山本美月さんが選んだ1冊は?「全キャラクターを演じ分けて、本気で子どもに読み聞かせをしています」
公開日:2025/4/12
※本記事は、雑誌『ダ・ヴィンチ』2025年5月号からの転載です。

毎月3人の旬な有名人ゲストがこだわりのある一冊を選んで紹介する、ダ・ヴィンチ本誌の巻頭人気連載『あの人と本の話』。今回登場してくれたのは、山本美月さん。
(取材・文=松井美緒 写真=TOWA)
マンガやアニメを愛してやまない山本さん。一昨年にお子さんを出産して以来、「子どもが夢中になっていると私もハマっちゃって」と言う。その一つが、絵本「パンどろぼう」シリーズだ。お子さんが1歳の頃、第1作『パンどろぼう』を購入した。
「私、全キャラクターを演じ分けて、本気で読み聞かせをするんです。それが日々のルーティーンにもなりつつあります(笑)」
シリーズを次々集め、なかでもお気に入りなのが『おにぎりぼうやのたびだち』だ。
「おにぎりぼうやのお話は、とくにパンどろぼうの人生と大きく関わります。“旅立ち”の先、おにぎりぼうやはどんな道を歩むんだろうと気になって。柴田先生が続きを描いてくださったら嬉しいなと思っています」
「パンどろぼう」のどんな小さなキャラクターにも惹かれる。
「一瞬しか登場しないキャラクターにも人生を感じます。おにぎりぼうやが3羽のカラスに襲われるシーンがあるんですが、このカラスたちにもいろんな背景がありそう。彼らの物語も読んでみたいです。子どものおかげで、私も新しい『好き』と出会えている。もう一度人生を最初から楽しめるようで、子どもに感謝です」
Huluで配信がスタートする主演ドラマ『おとなになっても』も、山本さんの「好き」とつながっている。山本さんが大ファンと言う志村貴子さんの同名コミックスが原作なのだ。

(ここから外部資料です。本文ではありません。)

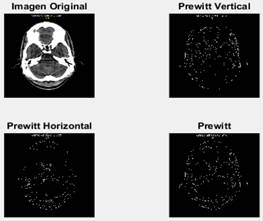 La imagen original (superior izquierda), detectando bordes verticales (superior derecha), detectando bordes horizontales (inferior izquierda) y bordes totales (inferior derecha).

「高校時代からずっと志村先生の作品が大好きだったんです。先生の描く世界に浸るのが本当に心地良くて。だから、今作に出させていただくことには、特別な思いがありました」
山本さんが演じるのは、小学校教師の綾乃。人妻だが、偶然に出会った女性・朱里に一瞬で恋に落ちる。

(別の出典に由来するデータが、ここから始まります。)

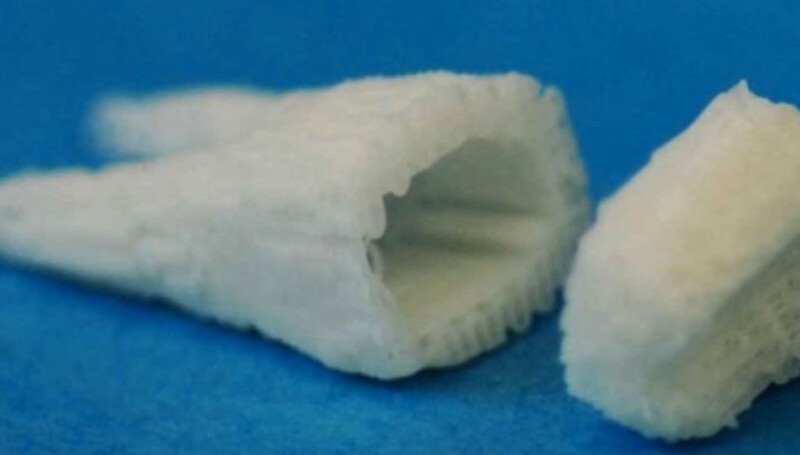 1. Выращивание зубов. Регенерация полноценных коренных зубов у человека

「女性同士という性別の括りは、あまり重要ではない気がします。一人の人間として朱里も綾乃もすごく魅力的です。その二人が惹かれ合うことで、それぞれ今まで知らなかった自分を見つけたり、世界がちょっと違って見えたり。そうした二人の関係性がとても素敵だなと思います」
本作では、綾乃の仕事や同居することになる夫の実家の事情など、様々な人間模様も掘り下げている。
「どの登場人物も、いいところだけでなく情けなさや弱さなど、色々な面を持っていて、人間味が溢れています。その人たちが、お互いの違いを超えてコミュニケーションを取ろうとする。そんなつながりの大切さが描かれていると思います」
ヘアメイク:北 一騎 スタイリング:黒崎彩(Linx) 衣装協力:トップス4万1800円(ウルー)、ドレス2万9700円(ラベルエチュード)、ピアス6050円(ロニ)、右手リング1万8700円(ソワリー)

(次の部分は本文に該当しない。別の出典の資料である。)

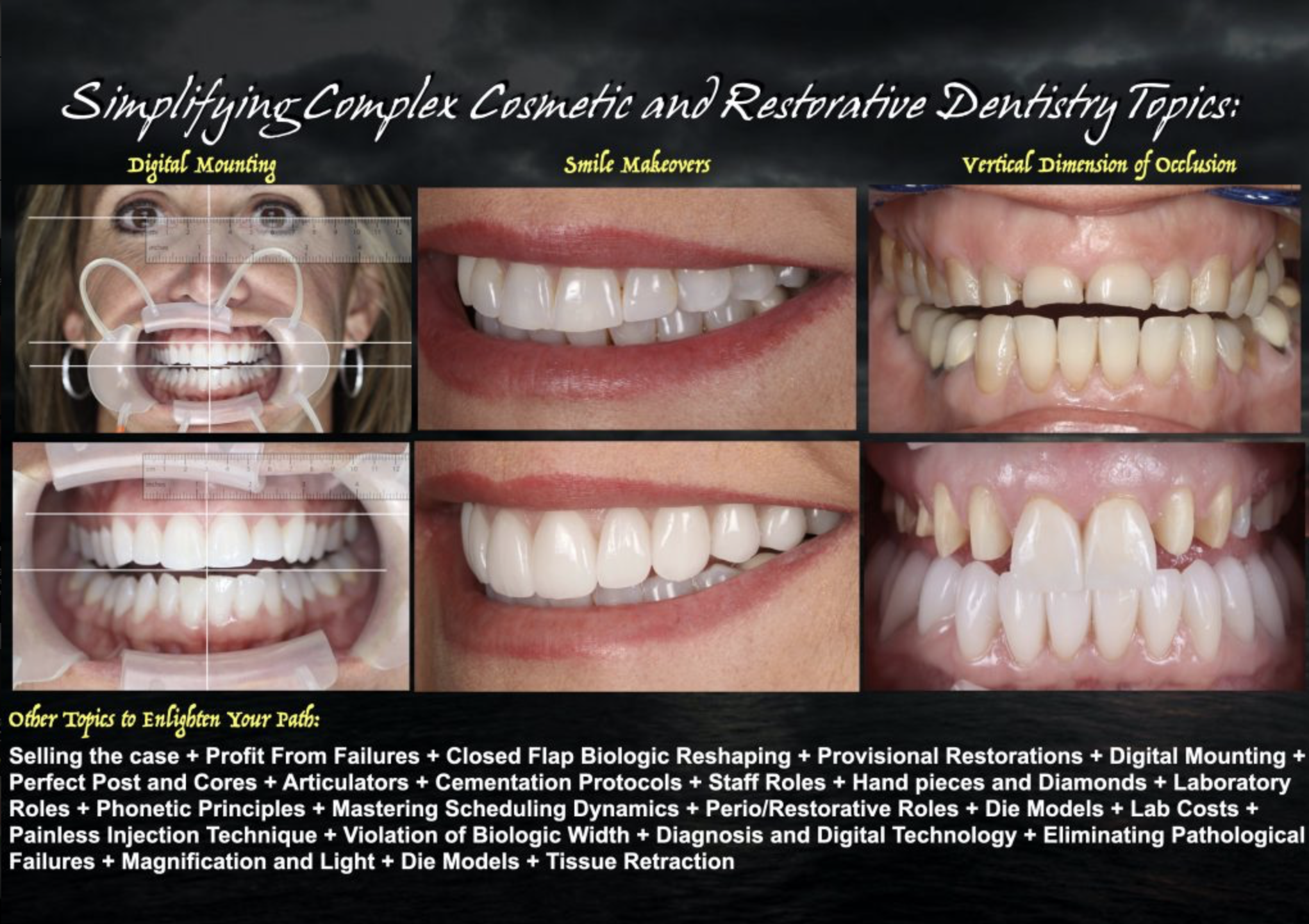 Digital mounting, smile makeovers, vertical dimension of occlusion — full curriculum topic list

やまもと・みづき●1991年、福岡県生まれ。2009年、雑誌『CanCam』の専属モデルとしてデビュー。11年には俳優活動も始め、翌年には『桐島、部活やめるってよ』で映画に初出演。近年の主な出演作は、映画『大きな玉ねぎの下で』『聖☆おにいさん ホーリーメンVS悪魔軍団』『忌怪島/きかいじま』『糸』など。

『パンどろぼう おにぎりぼうやのたびだち』
柴田ケイコ KADOKAWA 1540円(税込)
大人気の絵本「パンどろぼう」シリーズ第4弾。おにぎり屋を営むおにぎり一家の「おにぎりぼうや」。毎日おにぎりばかりの食卓にうんざりして家を飛び出し、その先で旅人のおじさんから見知らぬ食べ物をすすめられる。「う…うまい」。その食べ物とは!? 第4回TSUTAYAえほん大賞で第1位にも輝いた、「パンどろぼう」ファン必読の物語。

Huluオリジナル『おとなになっても』
原作:志村貴⼦『おとなになっても』(講談社『Kiss』) 脚本:灯 敦生ほか 監督: 兼重 淳、定谷美海 出演:⼭本美⽉、濱 正悟、桐⼭ 漣、河北⿇友⼦、⿇⽣祐未、栗山千明ほか 4⽉26日(土)よりHuluにて独占配信 毎週土曜最新話更新
●志村貴子のヒット作を初実写化。⼩学校教諭の綾乃は、⾏きつけのダイニングバーで朱⾥と出会う。二人はすぐに惹かれ合うが、綾乃には夫がいた。大人の女性同士のビターな恋物語。